Cathrin Bengesser revisits the debates on European television as a medium for narratives of solidarity within today’s TV industry, policy and culture. Building upon Jürgen Habermas’s analysis of the need for civic solidarity in the face of Europe’s crises, Bengesser presents the trans-European crime drama The Last Panthers as an example of the interplay between economic, political and cultural Europeanization in contemporary TV production.
Berber Hagedoorn adds a media-critical approach by analysing how both media users and media scholars perceive crises within today’s overloaded information landscape, and how this affects the formation of cultural memory in Western and Central Europe in this ‘post-truth’ era, riddled with information ‘bubbles’.
Marcus Pyka discusses the evolution of the Eurovision Song Contest as a pan-European pop-cultural tradition that has served as a highly ambivalent arena for past and current conflicts: from its utopian ideal of a ‘peaceful cultural competition of nations’ in the Cold War era up until its recent reflections of debates on the Crimean occupation and LGBTQI rights.
Last but not least, in ‘Digging for sanctuary: The garden as a contact sphere’, Vera Alexander draws on community garden initiatives and the mediatization of gardening to suggest strategies of reconceiving a productive material relation to place and the environment in a bid to recalibrate the tension between newness and sustainability in a shared search for European narratives for the future.

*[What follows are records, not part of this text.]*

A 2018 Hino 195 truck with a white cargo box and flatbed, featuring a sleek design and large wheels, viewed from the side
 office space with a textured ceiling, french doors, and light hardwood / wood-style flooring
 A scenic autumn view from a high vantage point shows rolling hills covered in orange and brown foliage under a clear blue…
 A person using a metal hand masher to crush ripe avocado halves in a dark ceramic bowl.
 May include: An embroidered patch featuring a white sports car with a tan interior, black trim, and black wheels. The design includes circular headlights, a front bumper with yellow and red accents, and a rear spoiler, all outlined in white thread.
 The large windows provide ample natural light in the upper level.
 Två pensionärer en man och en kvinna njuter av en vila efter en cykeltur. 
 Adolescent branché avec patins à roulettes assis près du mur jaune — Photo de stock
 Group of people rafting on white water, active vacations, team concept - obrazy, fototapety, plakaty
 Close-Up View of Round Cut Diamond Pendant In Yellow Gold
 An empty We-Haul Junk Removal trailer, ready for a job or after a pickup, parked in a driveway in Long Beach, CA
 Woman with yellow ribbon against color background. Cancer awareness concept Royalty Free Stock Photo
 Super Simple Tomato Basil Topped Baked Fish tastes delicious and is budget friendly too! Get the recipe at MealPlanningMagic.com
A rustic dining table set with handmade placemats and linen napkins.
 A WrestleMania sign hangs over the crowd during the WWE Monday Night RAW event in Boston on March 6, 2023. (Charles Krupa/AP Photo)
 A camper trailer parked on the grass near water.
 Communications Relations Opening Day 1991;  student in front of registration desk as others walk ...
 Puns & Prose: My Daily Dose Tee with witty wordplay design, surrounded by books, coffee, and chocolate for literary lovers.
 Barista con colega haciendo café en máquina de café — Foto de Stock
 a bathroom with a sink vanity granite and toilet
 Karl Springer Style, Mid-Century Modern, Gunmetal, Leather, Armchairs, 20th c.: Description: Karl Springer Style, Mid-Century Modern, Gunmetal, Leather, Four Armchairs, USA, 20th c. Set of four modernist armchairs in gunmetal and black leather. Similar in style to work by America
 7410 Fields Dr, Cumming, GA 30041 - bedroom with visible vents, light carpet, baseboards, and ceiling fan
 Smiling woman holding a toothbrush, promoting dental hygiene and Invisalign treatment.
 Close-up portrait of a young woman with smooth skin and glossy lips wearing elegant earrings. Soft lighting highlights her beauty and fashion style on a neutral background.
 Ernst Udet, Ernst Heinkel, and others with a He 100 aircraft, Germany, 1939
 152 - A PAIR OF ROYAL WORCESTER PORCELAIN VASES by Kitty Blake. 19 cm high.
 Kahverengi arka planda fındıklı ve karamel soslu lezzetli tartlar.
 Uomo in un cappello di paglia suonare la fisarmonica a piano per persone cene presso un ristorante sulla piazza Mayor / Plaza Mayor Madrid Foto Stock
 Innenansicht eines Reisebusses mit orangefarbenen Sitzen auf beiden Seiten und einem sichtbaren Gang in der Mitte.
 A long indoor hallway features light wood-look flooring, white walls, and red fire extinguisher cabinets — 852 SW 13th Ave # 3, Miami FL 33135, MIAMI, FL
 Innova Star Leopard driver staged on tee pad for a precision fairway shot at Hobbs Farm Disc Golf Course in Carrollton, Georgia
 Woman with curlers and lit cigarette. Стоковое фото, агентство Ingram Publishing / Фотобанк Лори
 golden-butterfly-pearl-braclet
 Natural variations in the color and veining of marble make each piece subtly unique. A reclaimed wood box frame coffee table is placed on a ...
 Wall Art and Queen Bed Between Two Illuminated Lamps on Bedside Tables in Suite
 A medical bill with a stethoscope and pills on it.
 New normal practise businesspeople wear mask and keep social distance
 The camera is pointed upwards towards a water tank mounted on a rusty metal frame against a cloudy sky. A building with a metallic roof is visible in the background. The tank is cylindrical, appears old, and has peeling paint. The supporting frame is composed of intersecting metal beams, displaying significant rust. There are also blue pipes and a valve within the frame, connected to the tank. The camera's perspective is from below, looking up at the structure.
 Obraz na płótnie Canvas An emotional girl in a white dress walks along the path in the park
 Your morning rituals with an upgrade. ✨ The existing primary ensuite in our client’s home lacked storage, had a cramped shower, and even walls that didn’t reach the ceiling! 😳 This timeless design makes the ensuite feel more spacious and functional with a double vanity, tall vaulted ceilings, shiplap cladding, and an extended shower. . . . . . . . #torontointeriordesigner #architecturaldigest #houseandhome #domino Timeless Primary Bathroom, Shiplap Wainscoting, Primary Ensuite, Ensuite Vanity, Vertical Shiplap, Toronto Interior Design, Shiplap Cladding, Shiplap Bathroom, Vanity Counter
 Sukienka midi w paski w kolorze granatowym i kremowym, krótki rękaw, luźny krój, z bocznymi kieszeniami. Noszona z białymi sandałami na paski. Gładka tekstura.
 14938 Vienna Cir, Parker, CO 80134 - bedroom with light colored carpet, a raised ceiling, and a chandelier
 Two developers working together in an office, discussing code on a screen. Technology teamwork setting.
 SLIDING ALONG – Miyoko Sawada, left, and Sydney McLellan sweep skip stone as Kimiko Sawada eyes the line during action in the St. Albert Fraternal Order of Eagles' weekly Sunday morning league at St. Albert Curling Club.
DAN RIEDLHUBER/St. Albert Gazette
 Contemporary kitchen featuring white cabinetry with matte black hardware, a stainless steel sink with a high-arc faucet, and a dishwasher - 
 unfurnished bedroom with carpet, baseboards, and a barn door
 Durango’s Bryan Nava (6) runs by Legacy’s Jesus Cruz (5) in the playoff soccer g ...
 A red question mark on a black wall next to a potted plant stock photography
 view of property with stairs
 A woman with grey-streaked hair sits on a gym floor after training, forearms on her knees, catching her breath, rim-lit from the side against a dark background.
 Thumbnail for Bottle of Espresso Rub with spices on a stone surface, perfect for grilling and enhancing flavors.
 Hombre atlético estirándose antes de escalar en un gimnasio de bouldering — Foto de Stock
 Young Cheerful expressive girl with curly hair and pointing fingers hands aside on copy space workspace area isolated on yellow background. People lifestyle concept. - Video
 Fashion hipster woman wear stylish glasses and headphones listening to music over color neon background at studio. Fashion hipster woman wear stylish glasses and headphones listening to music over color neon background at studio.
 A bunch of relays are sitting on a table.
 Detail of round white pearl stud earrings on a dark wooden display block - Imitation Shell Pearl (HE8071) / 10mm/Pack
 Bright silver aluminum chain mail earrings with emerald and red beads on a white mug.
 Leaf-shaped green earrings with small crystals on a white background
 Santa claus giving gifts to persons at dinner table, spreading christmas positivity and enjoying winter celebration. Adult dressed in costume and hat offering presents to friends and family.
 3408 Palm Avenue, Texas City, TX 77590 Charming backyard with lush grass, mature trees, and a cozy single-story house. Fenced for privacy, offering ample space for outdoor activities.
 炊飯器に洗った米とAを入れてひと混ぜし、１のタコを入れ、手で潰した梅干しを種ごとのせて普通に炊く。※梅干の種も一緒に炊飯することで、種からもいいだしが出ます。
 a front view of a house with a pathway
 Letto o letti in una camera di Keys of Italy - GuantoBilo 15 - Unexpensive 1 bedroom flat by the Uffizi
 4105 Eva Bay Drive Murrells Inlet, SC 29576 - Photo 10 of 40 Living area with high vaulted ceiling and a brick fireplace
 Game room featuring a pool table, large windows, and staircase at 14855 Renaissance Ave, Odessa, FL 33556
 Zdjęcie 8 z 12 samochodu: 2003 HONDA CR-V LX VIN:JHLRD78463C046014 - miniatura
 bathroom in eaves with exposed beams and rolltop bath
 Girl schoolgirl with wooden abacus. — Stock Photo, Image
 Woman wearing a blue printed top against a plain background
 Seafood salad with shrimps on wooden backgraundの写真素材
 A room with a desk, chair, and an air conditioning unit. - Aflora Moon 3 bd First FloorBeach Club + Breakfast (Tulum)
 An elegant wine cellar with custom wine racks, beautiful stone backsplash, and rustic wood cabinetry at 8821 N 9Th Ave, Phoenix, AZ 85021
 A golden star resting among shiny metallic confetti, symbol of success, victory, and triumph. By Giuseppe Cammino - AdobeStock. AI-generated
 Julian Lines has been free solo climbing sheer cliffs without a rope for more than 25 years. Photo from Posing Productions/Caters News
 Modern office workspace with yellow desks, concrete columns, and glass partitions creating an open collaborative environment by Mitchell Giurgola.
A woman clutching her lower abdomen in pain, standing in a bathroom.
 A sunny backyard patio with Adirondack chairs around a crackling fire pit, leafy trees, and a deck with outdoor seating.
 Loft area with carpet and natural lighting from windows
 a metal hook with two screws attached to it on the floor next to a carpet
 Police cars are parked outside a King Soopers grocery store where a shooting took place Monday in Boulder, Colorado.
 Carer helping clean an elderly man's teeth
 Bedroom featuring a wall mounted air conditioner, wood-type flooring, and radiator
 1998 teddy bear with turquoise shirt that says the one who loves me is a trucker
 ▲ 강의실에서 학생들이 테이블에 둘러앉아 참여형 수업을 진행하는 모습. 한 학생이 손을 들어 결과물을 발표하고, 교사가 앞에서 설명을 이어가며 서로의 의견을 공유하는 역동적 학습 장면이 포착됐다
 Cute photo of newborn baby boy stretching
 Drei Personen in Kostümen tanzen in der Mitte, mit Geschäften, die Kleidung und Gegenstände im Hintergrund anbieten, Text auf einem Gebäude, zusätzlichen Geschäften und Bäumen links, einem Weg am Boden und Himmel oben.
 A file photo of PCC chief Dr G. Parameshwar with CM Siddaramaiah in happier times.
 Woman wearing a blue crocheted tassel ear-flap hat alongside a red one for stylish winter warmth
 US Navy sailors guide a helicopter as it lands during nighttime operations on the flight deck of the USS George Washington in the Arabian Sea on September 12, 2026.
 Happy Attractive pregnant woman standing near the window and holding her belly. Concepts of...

Just like the EU itself, this special issue aims to be united in its diversity. In particular, all the contributions share a strong awareness that Europe’s recent and ongoing crises make it more necessary than ever to critically reflect on the European project: aside from the self-evident etymological link, the present conjuncture has revealed the impossibility of thinking about the ‘European dream’ before first coming to terms with the ‘European reality’ (Castells et al., 2018: 8). But how is it possible to critically rethink the idea of a shared Europe, while at the same time providing a valid alternative to populist dichotomies and simplifications? The main contention underlying the present volume is that the first step towards answering this question must lie in acknowledging how the past, present and future of Europe are shaped by a complex entanglement of political and cultural factors. In this respect, cross-disciplinary research – as illustrated by the studies collected here – can represent a valuable antidote to both the uncritical idealization and the irrational catastrophism which increasingly characterize responses to Europe.